* **To do**
Which lines belong in your copy? Those from the start of the data through the line with "Mercedes-Benz W124 (1984-1993) - 27", exactly as written, without any pictures.

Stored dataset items
== Segment start ==
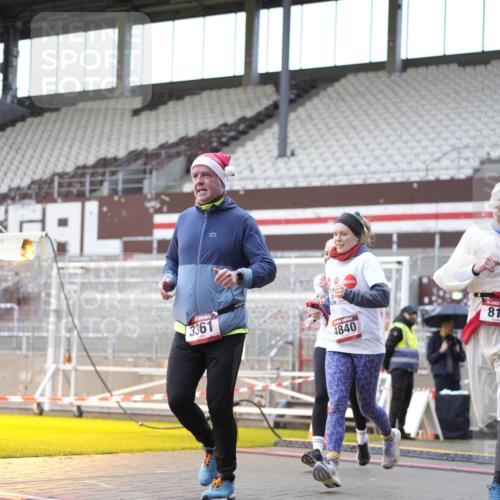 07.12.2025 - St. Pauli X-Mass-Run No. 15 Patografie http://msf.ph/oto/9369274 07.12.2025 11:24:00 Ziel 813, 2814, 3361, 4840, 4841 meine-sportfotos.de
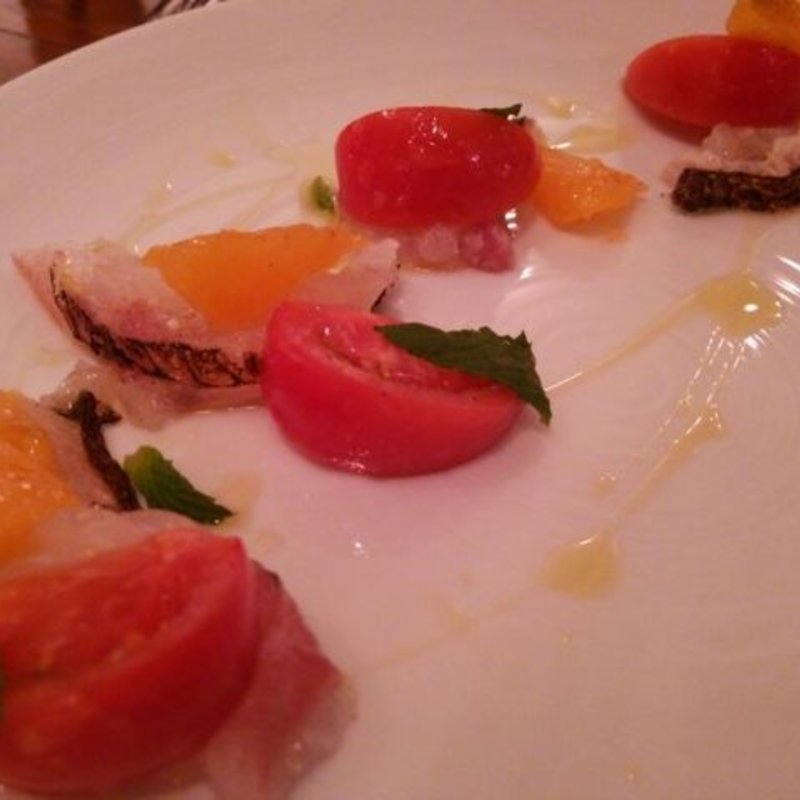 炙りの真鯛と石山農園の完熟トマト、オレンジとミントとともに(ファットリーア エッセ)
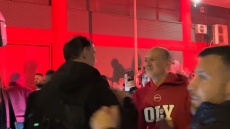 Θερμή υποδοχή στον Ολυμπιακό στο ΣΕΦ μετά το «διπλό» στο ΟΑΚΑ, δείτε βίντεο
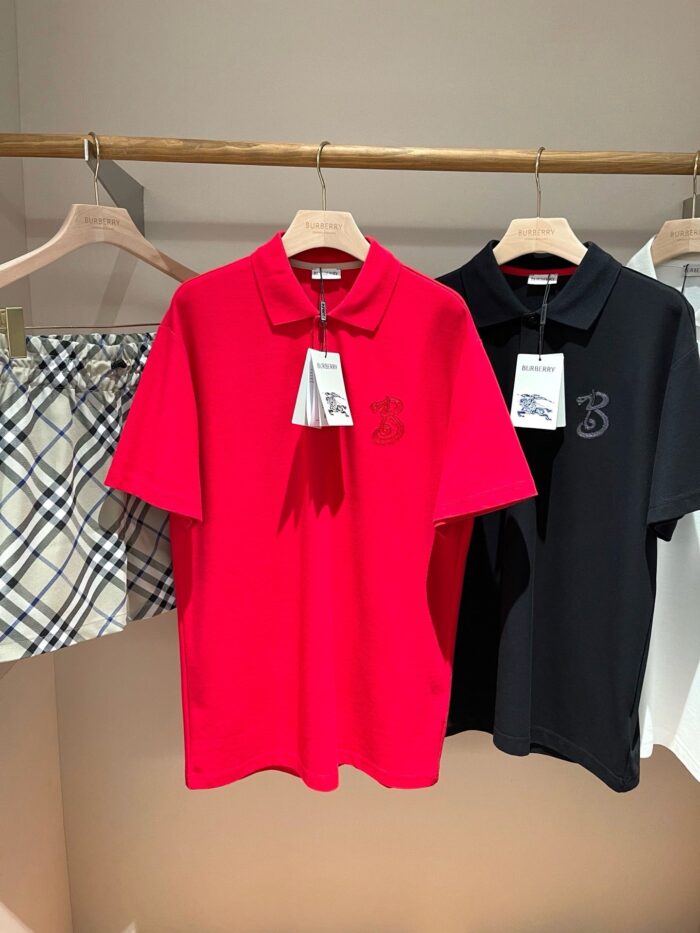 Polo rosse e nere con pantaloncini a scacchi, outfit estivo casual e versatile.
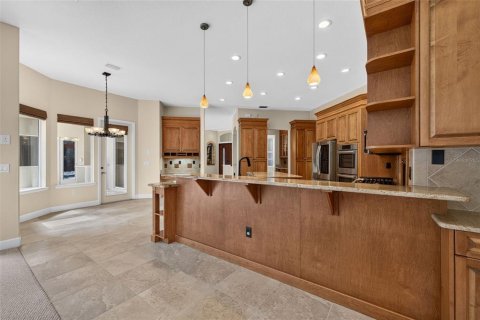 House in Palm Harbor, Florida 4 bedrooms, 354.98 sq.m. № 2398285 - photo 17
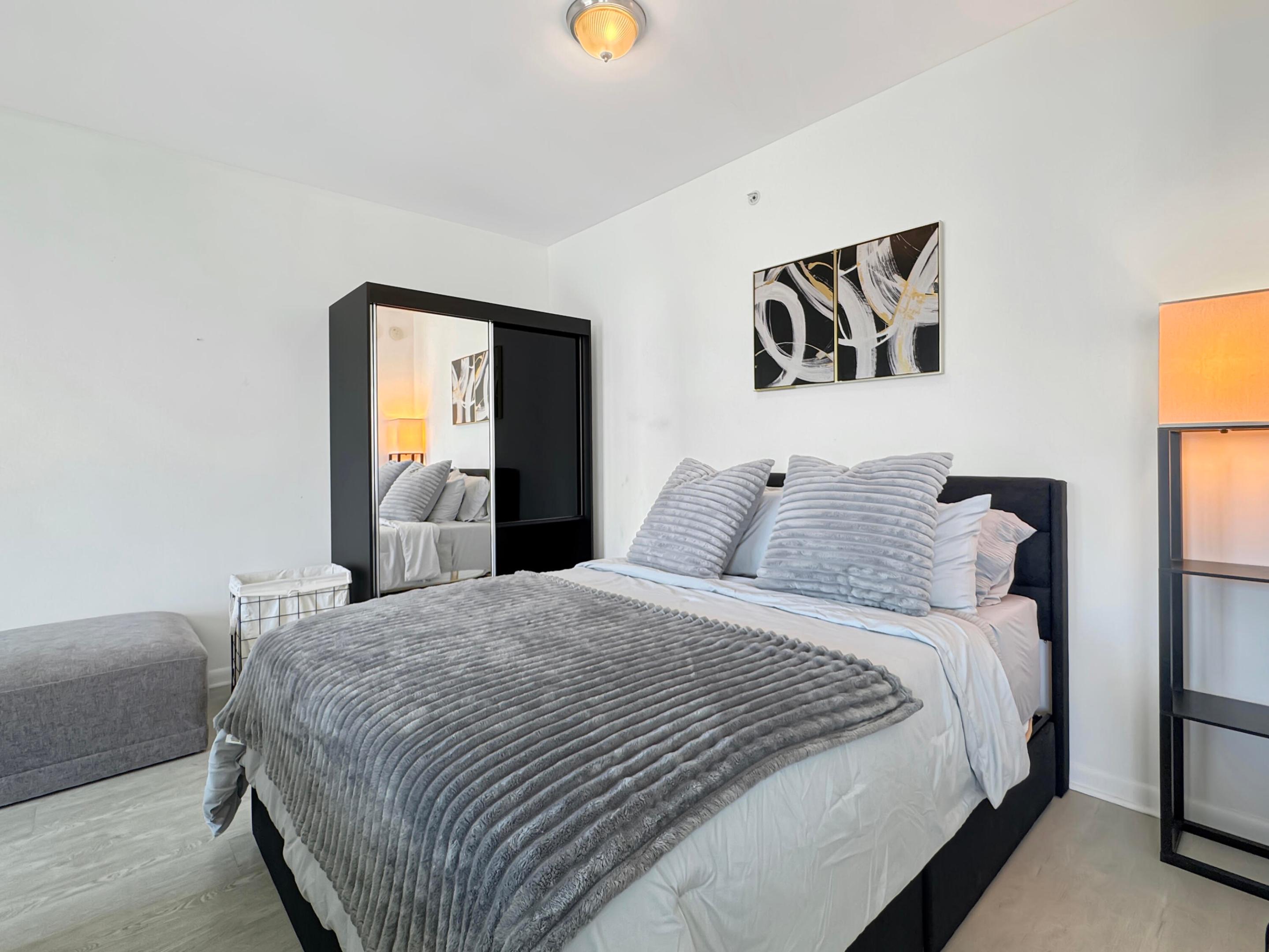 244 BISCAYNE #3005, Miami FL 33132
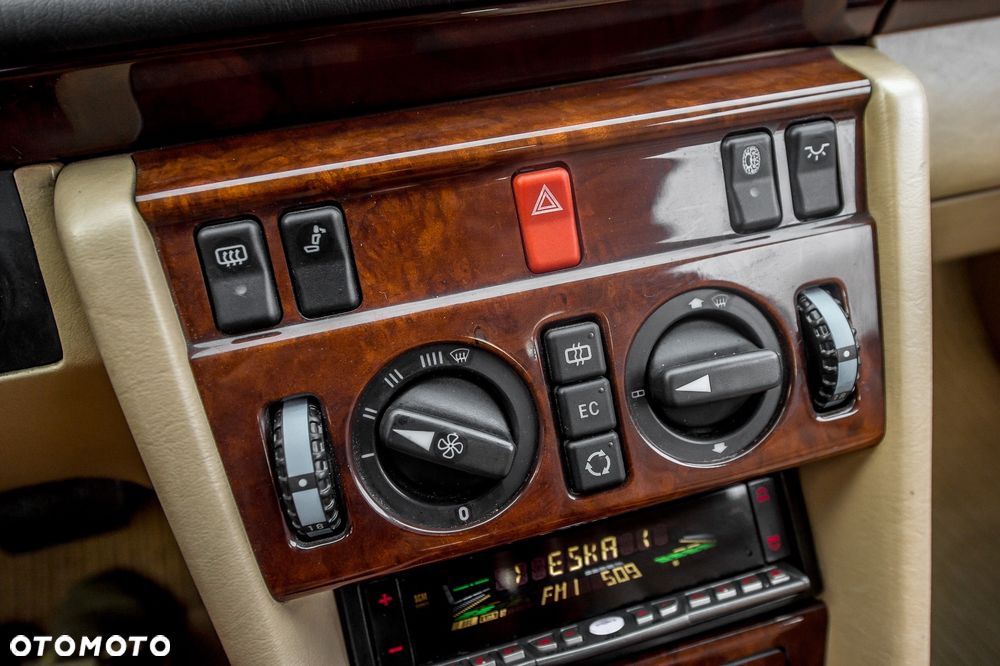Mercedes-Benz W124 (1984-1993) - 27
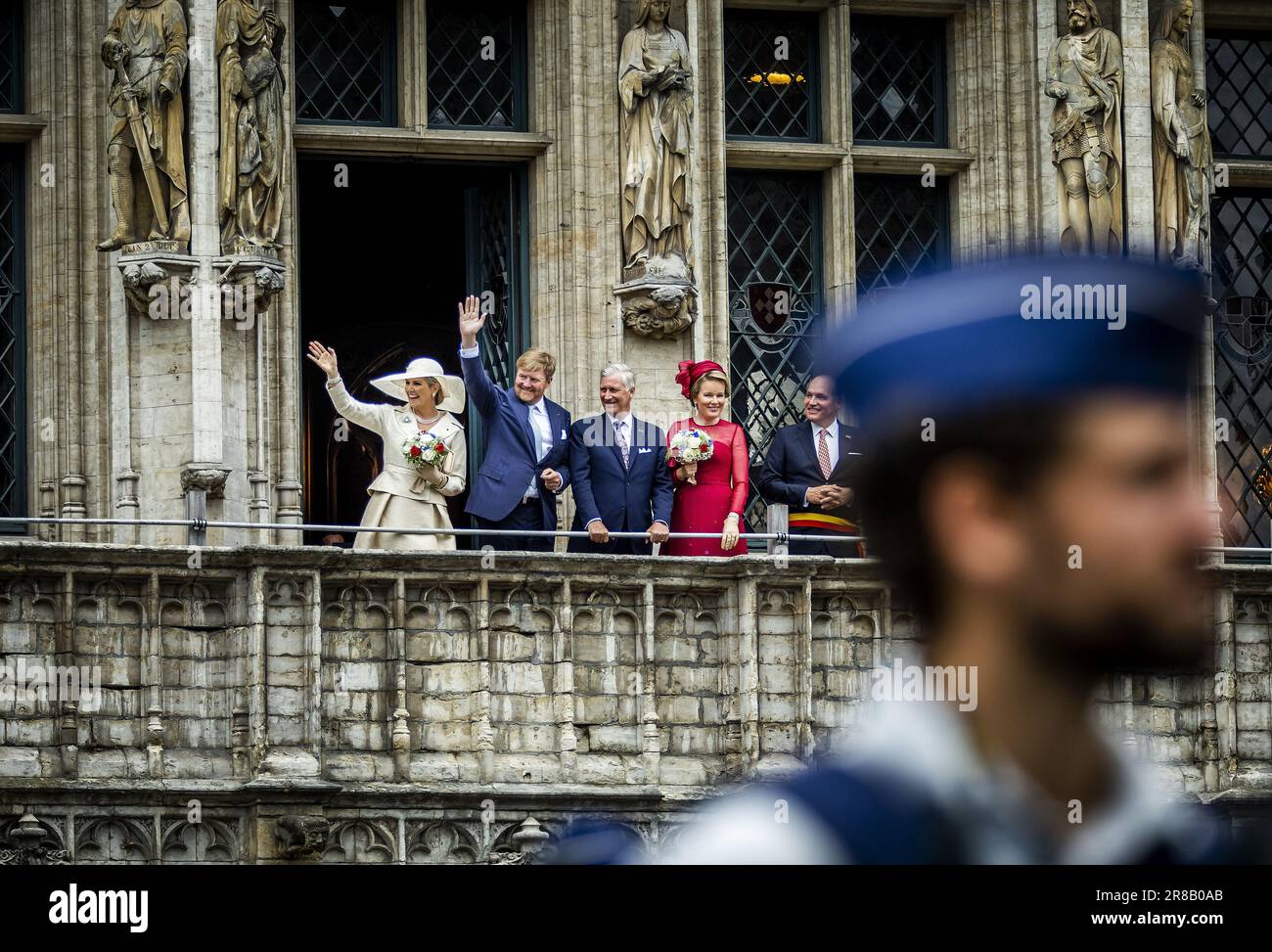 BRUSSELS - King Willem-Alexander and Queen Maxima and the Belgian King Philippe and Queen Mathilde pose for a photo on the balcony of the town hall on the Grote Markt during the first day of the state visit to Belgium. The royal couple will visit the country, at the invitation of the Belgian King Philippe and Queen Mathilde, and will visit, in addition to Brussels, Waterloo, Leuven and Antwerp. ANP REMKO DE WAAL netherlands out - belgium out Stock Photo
== Segment end ==
* **Written response**
 07.12.2025 - St. Pauli X-Mass-Run No. 15 Patografie http://msf.ph/oto/9369274 07.12.2025 11:24:00 Ziel 813, 2814, 3361, 4840, 4841 meine-sportfotos.de
 炙りの真鯛と石山農園の完熟トマト、オレンジとミントとともに(ファットリーア エッセ)
 Θερμή υποδοχή στον Ολυμπιακό στο ΣΕΦ μετά το «διπλό» στο ΟΑΚΑ, δείτε βίντεο
 Polo rosse e nere con pantaloncini a scacchi, outfit estivo casual e versatile.
 House in Palm Harbor, Florida 4 bedrooms, 354.98 sq.m. № 2398285 - photo 17
 244 BISCAYNE #3005, Miami FL 33132
Mercedes-Benz W124 (1984-1993) - 27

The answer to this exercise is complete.